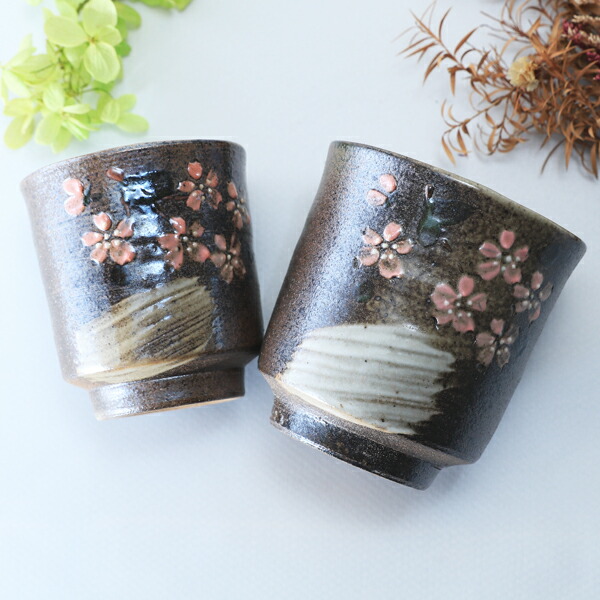 楽天市場】【益子焼】 夫婦湯呑み 湯飲み 益子焼 刷毛目＆かわいい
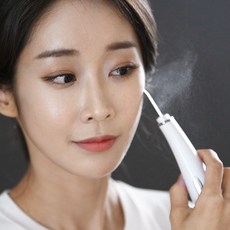 비타그램갈바닉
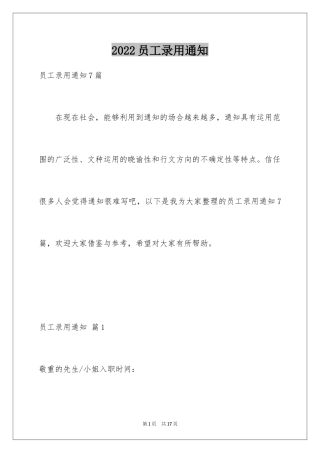 2024员工录用通知_9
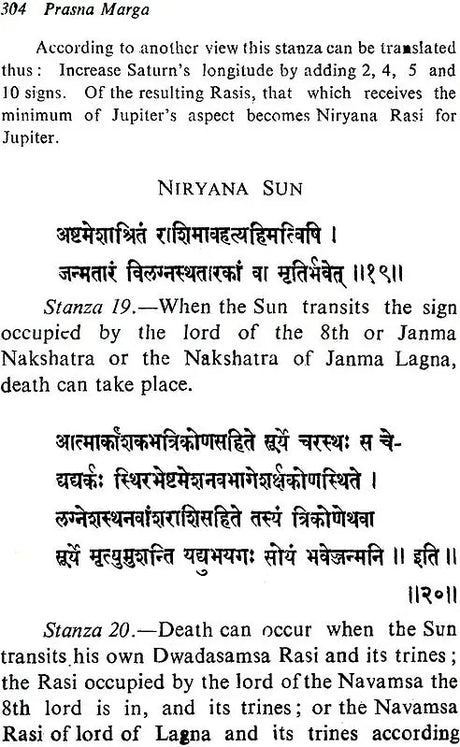 Prasna Marga (2 Volume set) [English] By BV Raman - Retail Maharaj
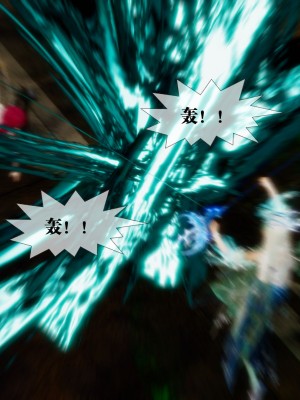 [KillerT] 墮落 24_0043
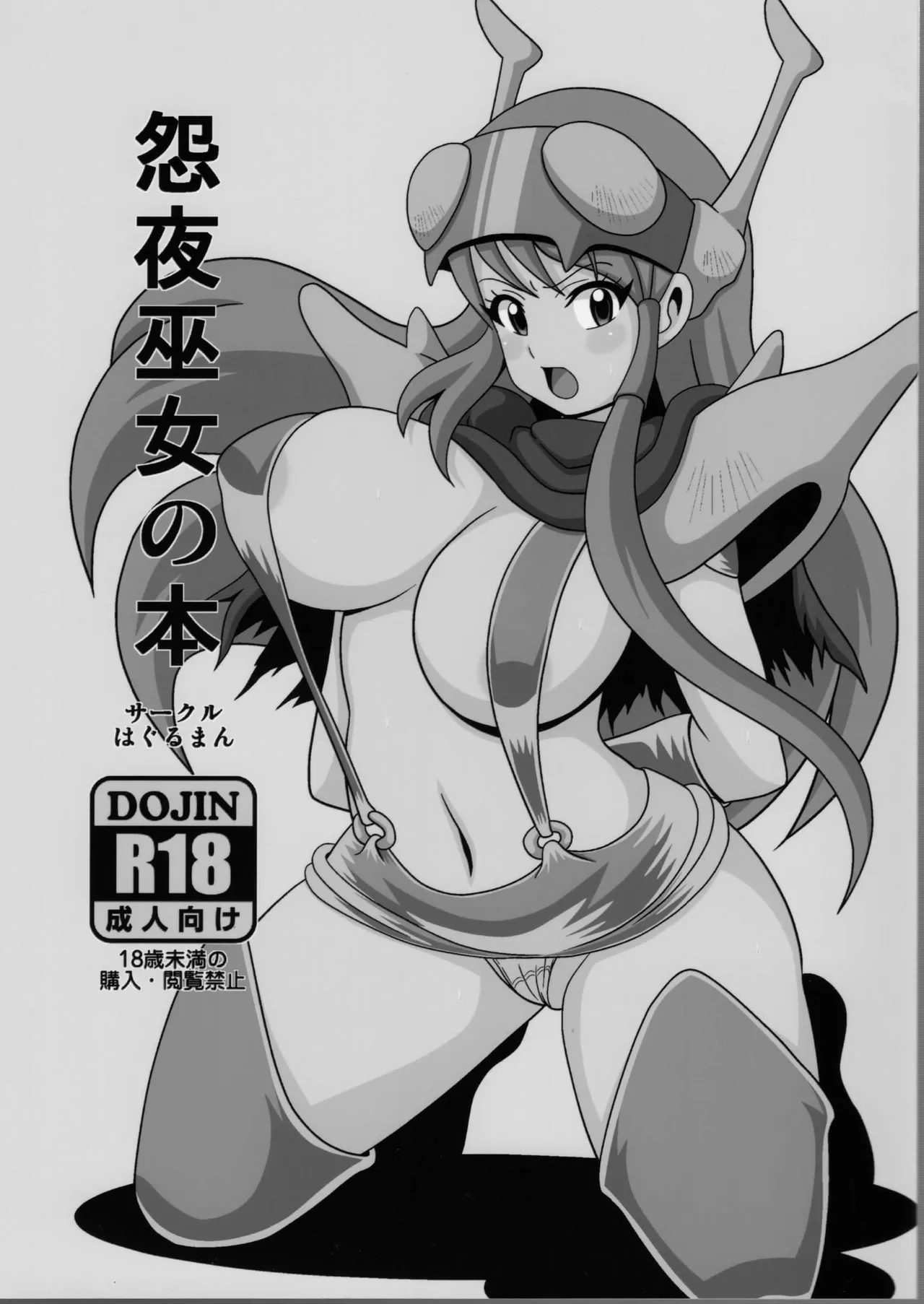 Onyo Miko no Hon - Page 1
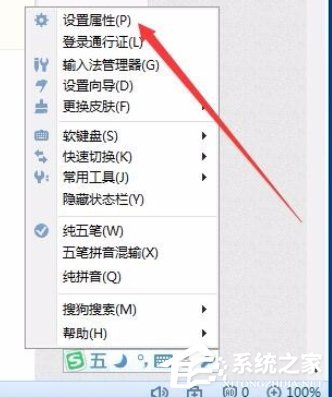 搜狗五筆輸入法如何去除拼音提示窗口？搜狗五筆輸入法去除拼音提示窗口的方法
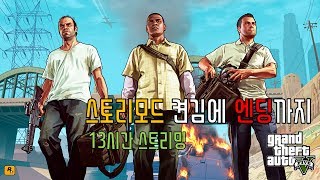 GTA5 스토리모드 켠김에 엔딩까지 [13시간]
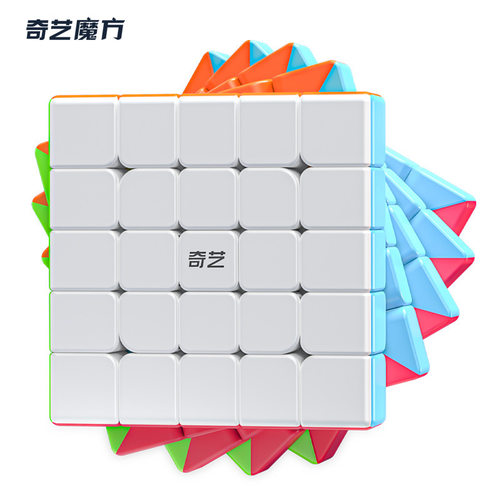 奇艺启征S2五阶竞速魔方专业彩色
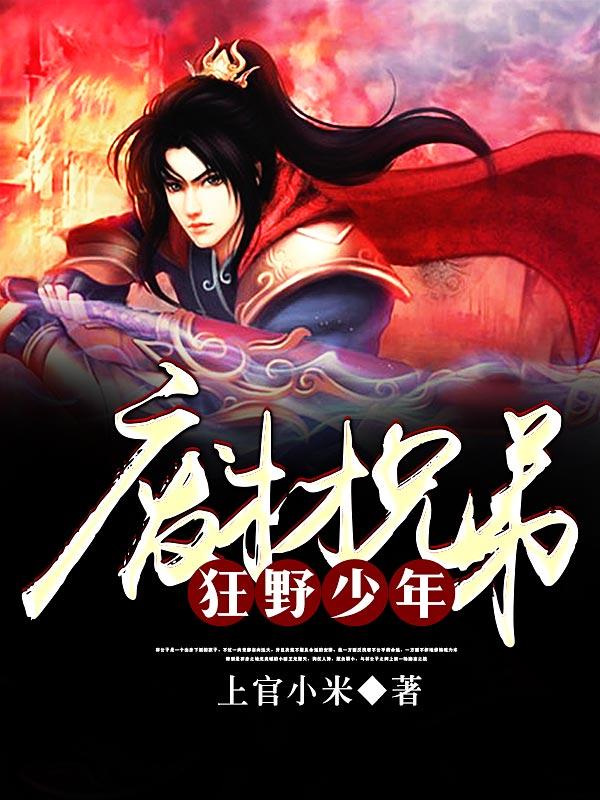 出牌阶段限一次是只能使用一次吗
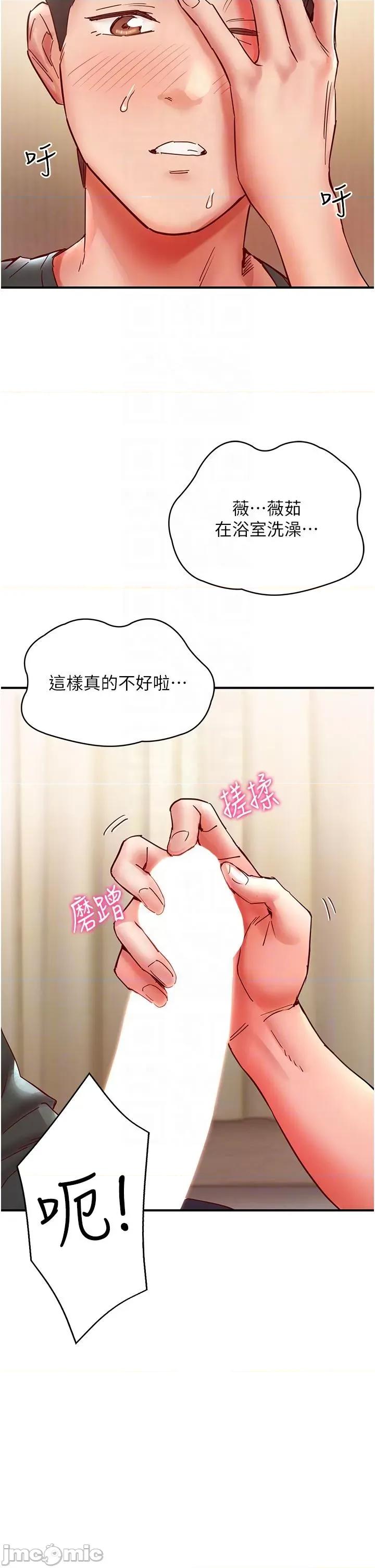波涛汹涌的同居生活 波涛汹涌的同居生活 8 第10页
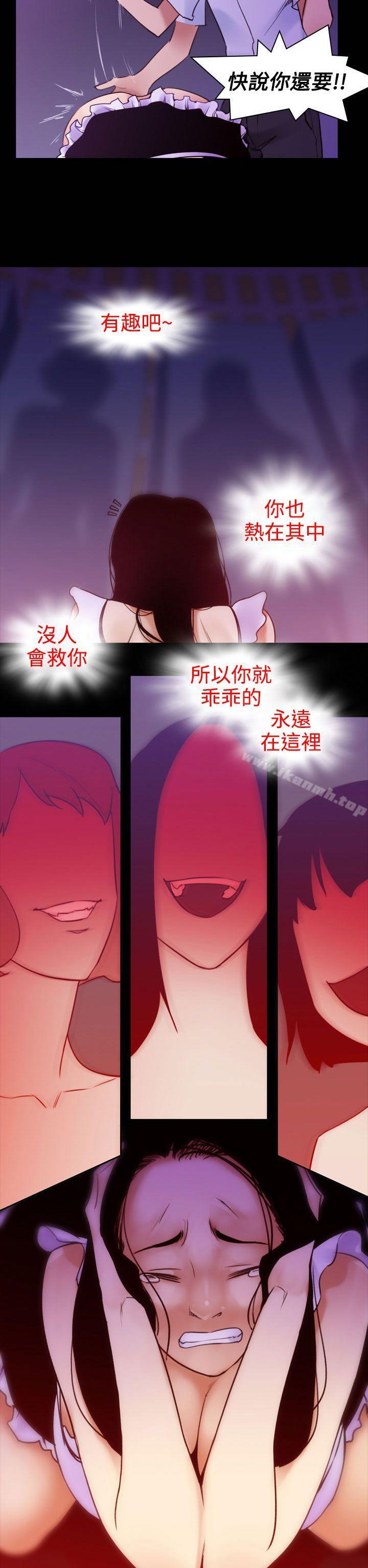 禍亂(完結)，第36話-午夜的隧道<8>，第 8 页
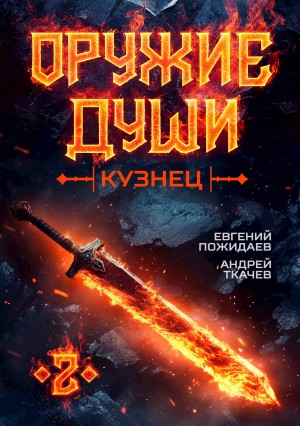 Андрей Ткачёв, Евгений Пожидаев - Оружие души. Кузнец. Книга 2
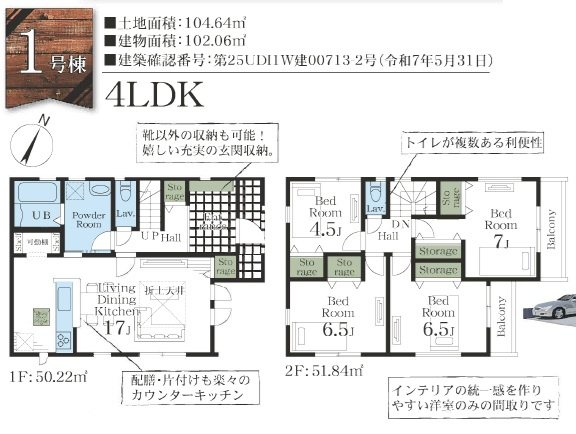 【間取り】 | 市川市福栄４丁目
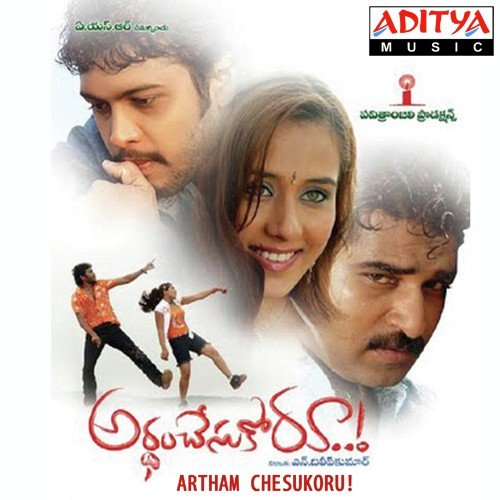 Iruvuri Manasulo - Ravi Mulakalapalli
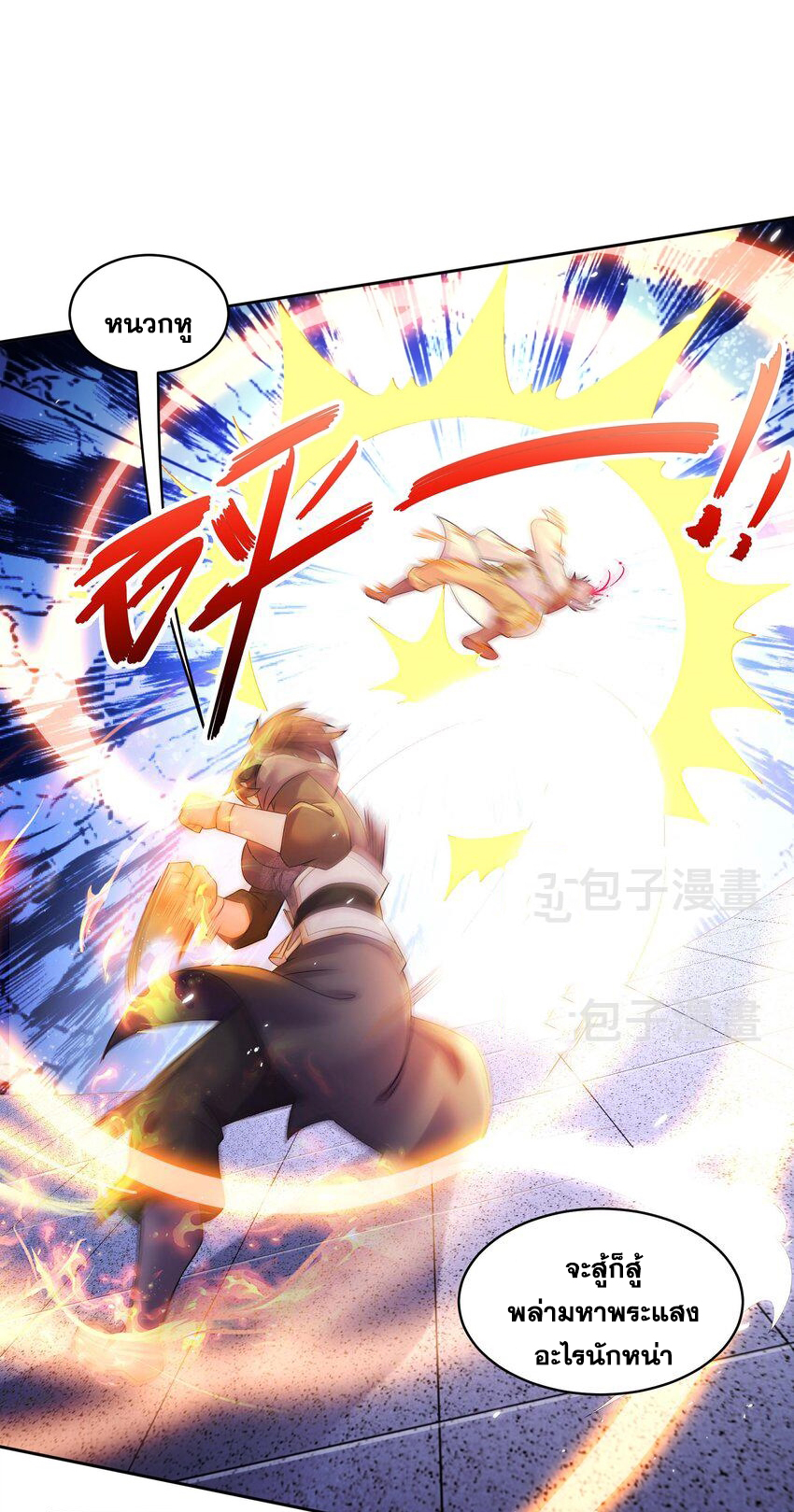 ปกป้องสำนักหญิงล้วนด้วยระบบเช็คอินสุดเทพ (ชนจีน) ตอนที่ 38 หน้า 14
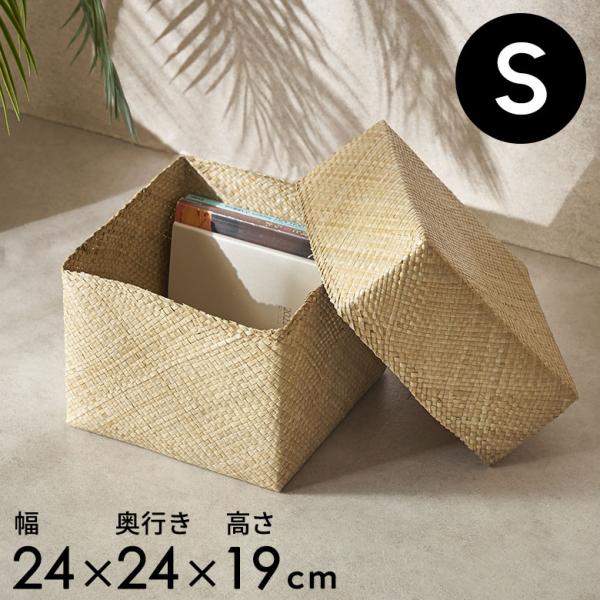 収納 ボックス パンダン 正方形 ふた 付き かご バスケット ケース 荷物 雑貨 衣類 入れ ナチ...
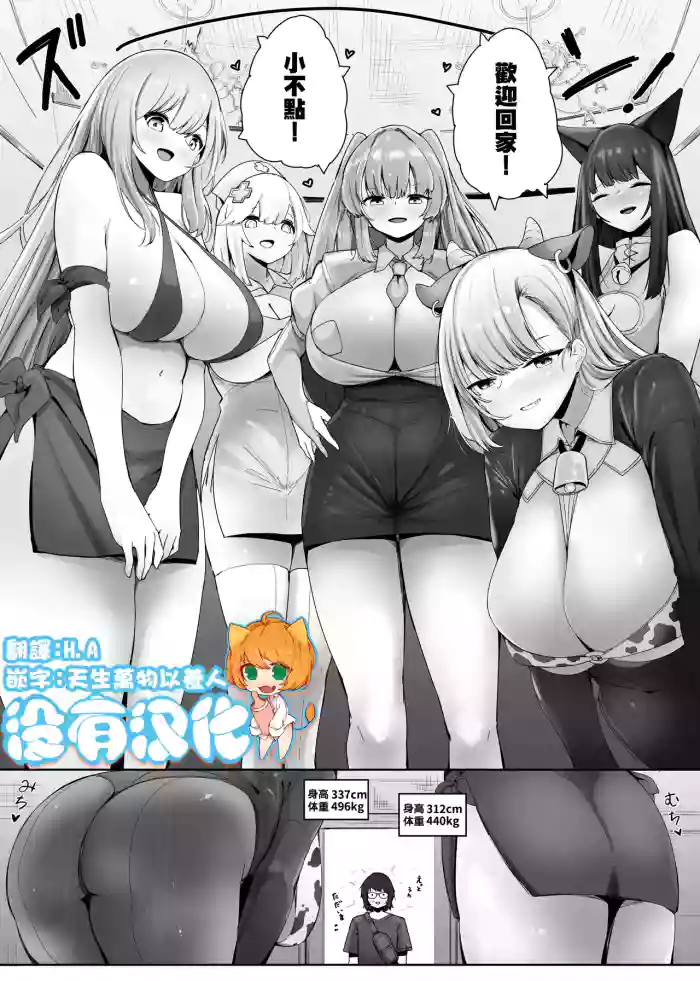 Omise no Ko ga Minna Ookikute Ai ga Omoi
++++++
[REQUIREMENT]
Nothing but the lines from the line holding "出牌阶段限一次是只能使用一次吗" through the last line of the entries above is to be reproduced, exactly and without pictures.

[SOLUTION]
 出牌阶段限一次是只能使用一次吗
波涛汹涌的同居生活 波涛汹涌的同居生活 8 第10页
 禍亂(完結)，第36話-午夜的隧道<8>，第 8 页
 Андрей Ткачёв, Евгений Пожидаев - Оружие души. Кузнец. Книга 2
 【間取り】 | 市川市福栄４丁目
 Iruvuri Manasulo - Ravi Mulakalapalli
 ปกป้องสำนักหญิงล้วนด้วยระบบเช็คอินสุดเทพ (ชนจีน) ตอนที่ 38 หน้า 14
 収納 ボックス パンダン 正方形 ふた 付き かご バスケット ケース 荷物 雑貨 衣類 入れ ナチ...
 Omise no Ko ga Minna Ookikute Ai ga Omoi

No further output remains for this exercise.